I do not intend for this post to be about the minimum wage. I don’t really have anything new to add to the subject, except to point to my VC post on it, and to voice my basic agreement with Tyler Cowen and Steve Horwitz. But the topic of this post was inspired by the blogospheric discussion of the minimum wage, especially Jacob Levy’s question about the statistical questions involved.
Everyone who takes an undergrad stats class learns how to perform statistical significance tests. They learn to choose a significance level of 95%, corresponding to an alpha of 0.05. Sometimes, they learn that you can select a higher or lower level of significance, like 99% (alpha = 0.01) or 90% (alpha = 0.1). But what I’ve gradually realized, from speaking to (and testing) many undergrads, is that they typically have no clue why – and more importantly, when – that’s the right level of significance to choose. And I’m increasingly of the opinion that lots of professionals don’t, either. (Maybe I’m one of the ignorant professionals – I’ll judge that from the reactions to this post. Also, nothing I say here is meant as criticism of Jacob, who addresses a related but different question.)
The fact is that alpha = 0.05 is essentially arbitrary. Technically, alpha is the probability that your testing method will lead you to incorrectly reject some “null” hypothesis. The null is the complement (logical opposite) of the “alternative” hypothesis, which is the claim you’re interested in supporting. To take the minimum wage example, the null hypothesis is that there’s no relationship between the minimum wage and employment. With alpha = 0.05, there’s a 5% chance you’ll incorrectly reject that hypothesis and conclude there is such a relationship (when in fact there is not).

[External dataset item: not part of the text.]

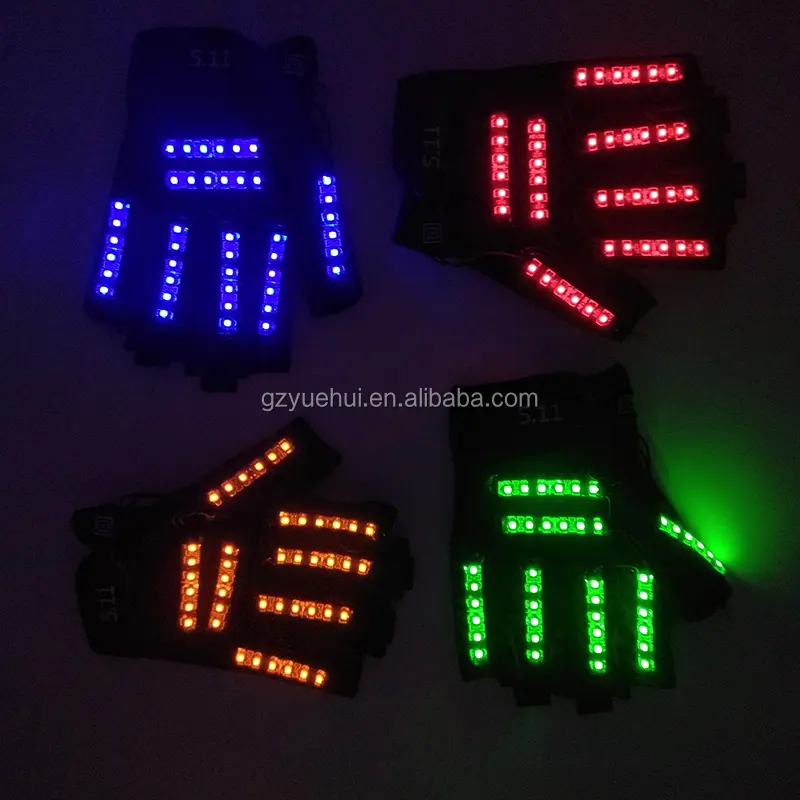 China Fornecedores 6 Cores 1 par (= 2pcs) luvas de Led Stage Show Props LED Light Up Luvas Luvas de Fontes Do Partido do Fulgor de Néon do Diodo Emissor de Luz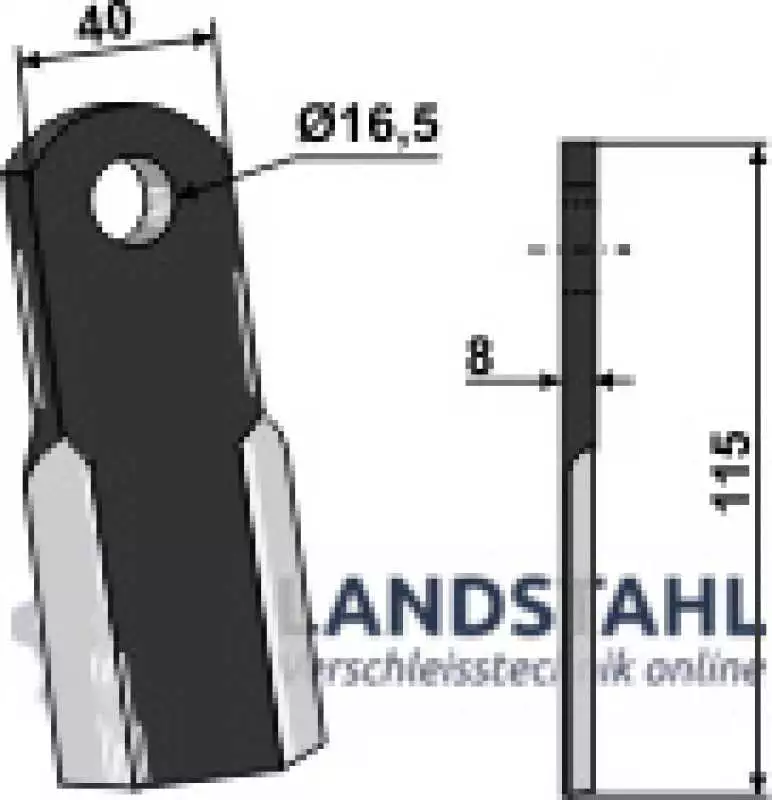 Gerades Messer 115x40mm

But why should alpha be so small? Why put such high value on not incorrectly accepting our alternative hypothesis? The idea is that, as scientists, we ought not put our faith in a conclusion unless we have very strong proof. And, again as scientists, we must be satisfied to remain agnostic if we fail to get statistical significance for a proposition. And this is the key point: The absence of statistical significance should not lead us to accept the null hypothesis. It should lead us to be agnostic about both the null and the alternative hypothesis. To take the minimum wage example again, if studies fail to show the minimum wage causes unemployment, the appropriate conclusion is not that there isn’t a relationship, but that we just can’t say so with much confidence.
Think about it this way. Above, I supposed we were interested in showing that there is a relationship between the minimum wage and unemployment. In order not to make the task too easy on ourselves, we set a rather high bar: 95% confidence. But what if we were interested in showing there’s not a relationship? In that case, we are interested in supporting the null, not the alternative, hypothesis. If we set alpha = 0.05, and if we accept the null whenever we fail to accept the alternative, then what is the chance of incorrectly affirming that there’s no relationship? It is not 5%, but in fact something much larger – what statisticians call the beta value, corresponding to a Type II error (the error of incorrectly failing to reject the null hypothesis). The smaller is the alpha, the larger is the beta. And that means using an alpha of 0.05 makes it way, way too easy to claim to have proven the no-relationship hypothesis.
Using a small alpha makes a lot of sense if you’re choosing between belief and agnosticism, and you wish to give agnosticism the benefit of a doubt. Scientists don’t want to express support for something unless they’re pretty darn sure of it. But what if the choice is not between belief and agnosticism, but between one belief and another belief? In practical decision-making, that is usually the case. The owner of a movie theater has to decide whether students’ ticket-buying behavior differs from the rest of the public’s, and if he makes the wrong decision he will not make as much money as he could have. He has no choice but to pick a belief – either he thinks students are probably different and he charges different prices, or he thinks they are probably the same and he charges the same prices. Similarly, a government can either impose a minimum wage or fail to do so. It can’t remain purely agnostic like the scientist can.
In cases like these, the arbitrary setting of a very small alpha doesn’t make sense, because both the alpha and the beta are important. Small alpha implies large beta. In the case of the minimum wage, a large beta means a high chance of assuming there’s no relationship between the minimum wage and employment even though there is.
Again, let me emphasize that I’m not trying to make a point about the minimum wage per se. The point I’m making here applies to business, public policy, and numerous other cases of practical decision-making in which one must choose between alternate strategies based on alternate beliefs about the world. The decision rules of pure science should not be confused with the decision rules of life.